To use the assembled ballast, the ballast is simply installed within the lighting fixture as in previous ballast designs. However, to interconnect the individual conductors to the ballast, the individual conductors are simply prepared by removing a portion of the insulation from the ends and inserting the prepared ends into the circular entry 42, as shown in FIG. 3. The conductor is projected into the cavity 40, which biases the resilient contact portion 62 against the conductor, and traps the conductor 92 of the insulated wire 90 against the inner floor 50 to maintain electrical connection therewith.

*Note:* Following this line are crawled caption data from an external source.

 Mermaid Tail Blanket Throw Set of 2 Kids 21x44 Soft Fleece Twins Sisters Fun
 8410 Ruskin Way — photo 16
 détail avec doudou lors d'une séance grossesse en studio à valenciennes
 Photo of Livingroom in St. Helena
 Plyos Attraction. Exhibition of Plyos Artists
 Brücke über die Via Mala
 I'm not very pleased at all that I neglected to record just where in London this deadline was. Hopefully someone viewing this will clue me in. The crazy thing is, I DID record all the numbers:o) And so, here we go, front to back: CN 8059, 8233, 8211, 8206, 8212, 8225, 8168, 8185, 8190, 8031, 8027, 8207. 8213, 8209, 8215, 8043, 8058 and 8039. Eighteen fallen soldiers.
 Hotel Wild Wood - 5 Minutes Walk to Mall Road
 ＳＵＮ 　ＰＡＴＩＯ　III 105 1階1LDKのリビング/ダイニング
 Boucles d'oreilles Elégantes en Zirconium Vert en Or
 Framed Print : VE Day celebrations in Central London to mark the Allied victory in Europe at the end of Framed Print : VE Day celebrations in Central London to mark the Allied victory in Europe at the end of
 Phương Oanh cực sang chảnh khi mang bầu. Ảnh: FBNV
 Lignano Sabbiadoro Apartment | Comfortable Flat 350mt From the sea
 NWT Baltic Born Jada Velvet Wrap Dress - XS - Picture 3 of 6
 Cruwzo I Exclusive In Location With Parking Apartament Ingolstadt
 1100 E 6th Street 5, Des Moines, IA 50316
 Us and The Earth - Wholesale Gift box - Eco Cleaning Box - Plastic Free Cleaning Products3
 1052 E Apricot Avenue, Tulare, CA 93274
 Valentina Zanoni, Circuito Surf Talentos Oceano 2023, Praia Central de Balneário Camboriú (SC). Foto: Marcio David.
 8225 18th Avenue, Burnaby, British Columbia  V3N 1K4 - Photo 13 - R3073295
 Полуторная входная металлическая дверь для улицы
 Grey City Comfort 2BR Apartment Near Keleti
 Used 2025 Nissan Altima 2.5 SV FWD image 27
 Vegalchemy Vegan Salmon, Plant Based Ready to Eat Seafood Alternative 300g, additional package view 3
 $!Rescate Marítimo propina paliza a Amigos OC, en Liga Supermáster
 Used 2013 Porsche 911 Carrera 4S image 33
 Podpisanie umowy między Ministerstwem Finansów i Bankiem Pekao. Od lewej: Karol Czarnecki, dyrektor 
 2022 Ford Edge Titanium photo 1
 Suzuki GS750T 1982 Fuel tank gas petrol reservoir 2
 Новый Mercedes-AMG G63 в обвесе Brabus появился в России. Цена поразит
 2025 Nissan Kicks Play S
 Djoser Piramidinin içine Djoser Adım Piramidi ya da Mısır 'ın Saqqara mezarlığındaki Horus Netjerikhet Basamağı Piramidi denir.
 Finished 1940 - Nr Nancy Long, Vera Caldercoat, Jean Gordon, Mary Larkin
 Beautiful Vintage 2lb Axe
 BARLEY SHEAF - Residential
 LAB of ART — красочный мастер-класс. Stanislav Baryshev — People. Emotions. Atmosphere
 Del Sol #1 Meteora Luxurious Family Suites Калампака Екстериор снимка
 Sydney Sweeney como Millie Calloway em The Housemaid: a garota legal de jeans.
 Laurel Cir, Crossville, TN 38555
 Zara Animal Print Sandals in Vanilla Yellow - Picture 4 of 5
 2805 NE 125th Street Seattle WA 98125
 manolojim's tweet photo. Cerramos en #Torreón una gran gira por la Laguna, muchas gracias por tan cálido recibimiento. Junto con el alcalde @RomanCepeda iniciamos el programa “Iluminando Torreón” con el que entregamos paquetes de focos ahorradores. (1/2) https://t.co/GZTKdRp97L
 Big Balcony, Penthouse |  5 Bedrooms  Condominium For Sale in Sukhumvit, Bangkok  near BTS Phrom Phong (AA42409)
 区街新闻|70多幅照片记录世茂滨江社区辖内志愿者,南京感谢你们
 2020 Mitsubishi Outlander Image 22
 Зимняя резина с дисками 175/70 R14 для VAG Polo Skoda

As the connector is electrically connected directly to the printed circuit board 80, the integral connector eliminates the requirement of having discrete wires extending from the ballast which could present a hazard to one installing the ballast. Furthermore, eliminating the discrete wires from the ballast eliminates the need for handling of the wires during the manufacturing process, which allows for robotic assembly of the ballast. The connector 20 is simply placed on the printed circuit board 80 and the printed circuit board assembly is lowered into the ballast can 4. The integral connector also eliminates an electrical interface, and the possible failure thereof.
The integral connector 20 thus eliminates the preparation of the wires which extend from the ballast, which is a labor intensive operation. Rather the only wires which need to be prepared are the wires which extend from the light fixture, and these wires are simply inserted into the connector 20, rather than having to be twisted to wire ends of a ballast and insulted by means of a plastic wire nut. However, the end user still has the capability of adding discrete wires to the connector 20 for electrically connecting to the lighting fixture. The integral connector also provides for an assembly which is easier to test at the manufacturing site and easier to install at the place of use, in that the wire ends are simply inserted into the wire receiving openings 40 until the insulation abuts the stop shoulder 48. These advantages are achieved by incorporating the connector 20 into the housing 6 of the ballast. The connector is profiled to fit within the ballast housing in such a manner as to seal the ballast housing during the addition of the potting compound.
The instant invention was disclosed by way of reference to the figures of the preferred embodiment, but should not be taken to limit the claims which follow.